_Goal of the exercise_:
Among the entries below, take the line with "小学校低学年用　透明窓つき　怪獣のプリント　傘（イエロー×水色）" and the line with "a red brick", and output them and every line between them exactly, with nothing else.

═════ Supplied records

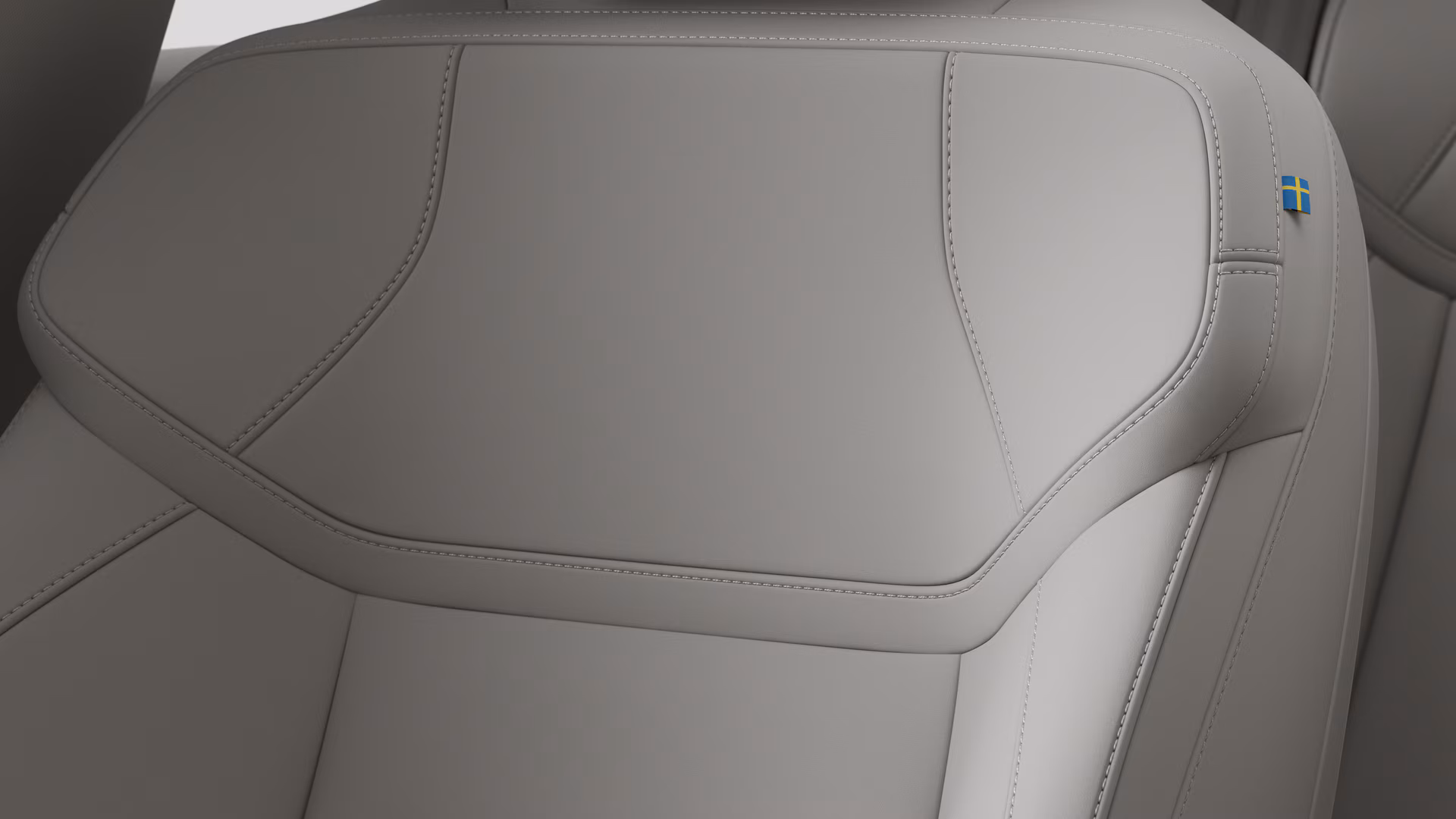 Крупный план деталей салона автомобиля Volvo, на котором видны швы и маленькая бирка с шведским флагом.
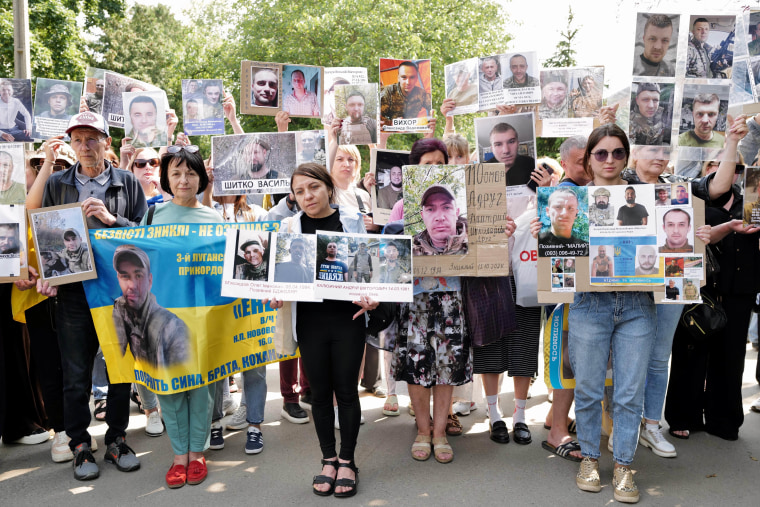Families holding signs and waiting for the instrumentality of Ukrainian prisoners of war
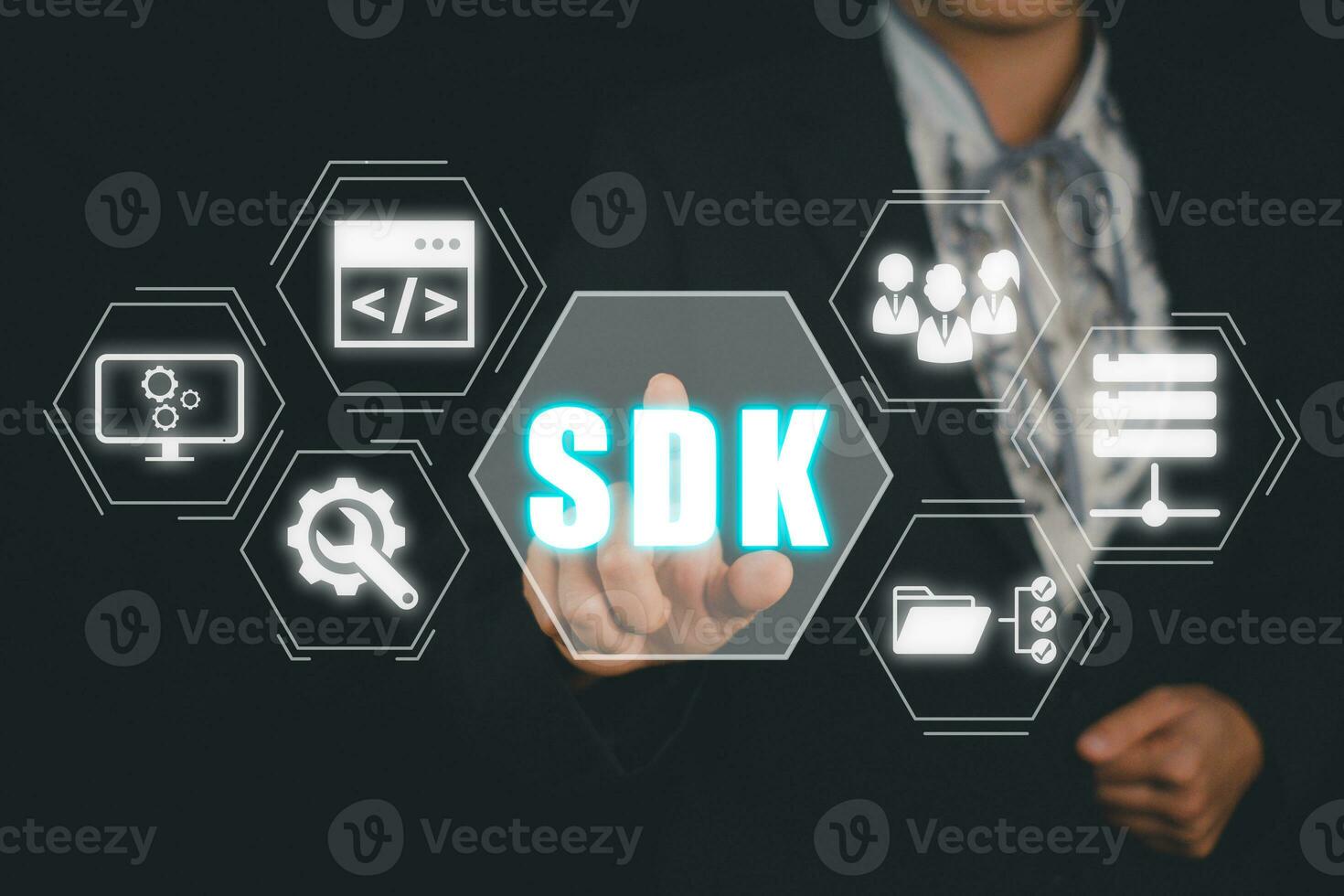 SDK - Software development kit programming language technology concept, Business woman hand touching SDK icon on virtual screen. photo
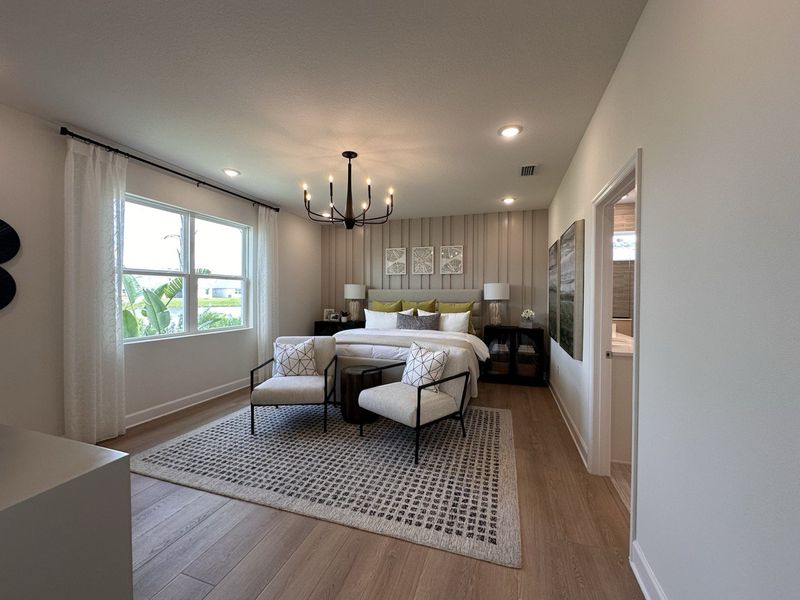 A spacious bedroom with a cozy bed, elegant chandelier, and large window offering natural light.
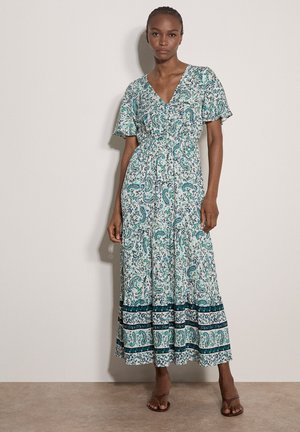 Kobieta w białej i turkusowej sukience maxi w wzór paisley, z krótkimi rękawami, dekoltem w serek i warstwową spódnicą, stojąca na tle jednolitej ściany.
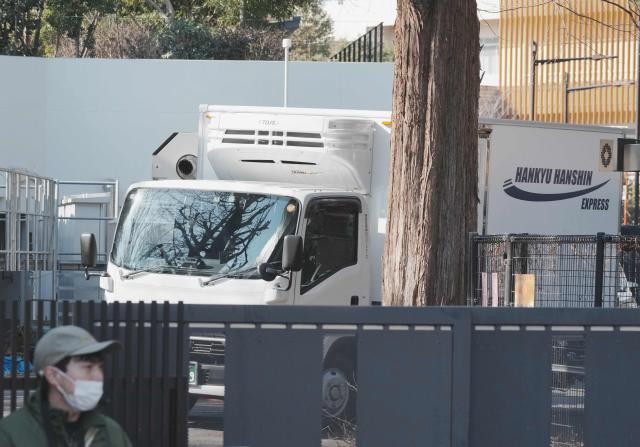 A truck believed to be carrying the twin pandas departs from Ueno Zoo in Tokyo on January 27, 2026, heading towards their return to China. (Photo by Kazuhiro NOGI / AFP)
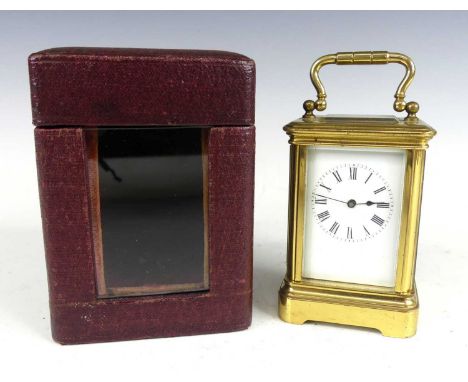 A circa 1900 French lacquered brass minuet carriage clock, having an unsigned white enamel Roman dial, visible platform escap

══════════
═════ Supplied records

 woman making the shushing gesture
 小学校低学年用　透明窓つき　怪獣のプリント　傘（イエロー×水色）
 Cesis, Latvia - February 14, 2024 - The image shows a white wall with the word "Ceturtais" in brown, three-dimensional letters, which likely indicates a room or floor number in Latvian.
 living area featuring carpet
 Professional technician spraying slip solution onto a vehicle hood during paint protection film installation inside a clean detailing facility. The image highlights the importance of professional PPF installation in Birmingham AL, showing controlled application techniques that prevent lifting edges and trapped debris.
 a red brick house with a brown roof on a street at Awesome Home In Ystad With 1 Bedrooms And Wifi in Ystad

══════════

_Exercise output_:
 小学校低学年用　透明窓つき　怪獣のプリント　傘（イエロー×水色）
 Cesis, Latvia - February 14, 2024 - The image shows a white wall with the word "Ceturtais" in brown, three-dimensional letters, which likely indicates a room or floor number in Latvian.
 living area featuring carpet
 Professional technician spraying slip solution onto a vehicle hood during paint protection film installation inside a clean detailing facility. The image highlights the importance of professional PPF installation in Birmingham AL, showing controlled application techniques that prevent lifting edges and trapped debris.
 a red brick house with a brown roof on a street at Awesome Home In Ystad With 1 Bedrooms And Wifi in Ystad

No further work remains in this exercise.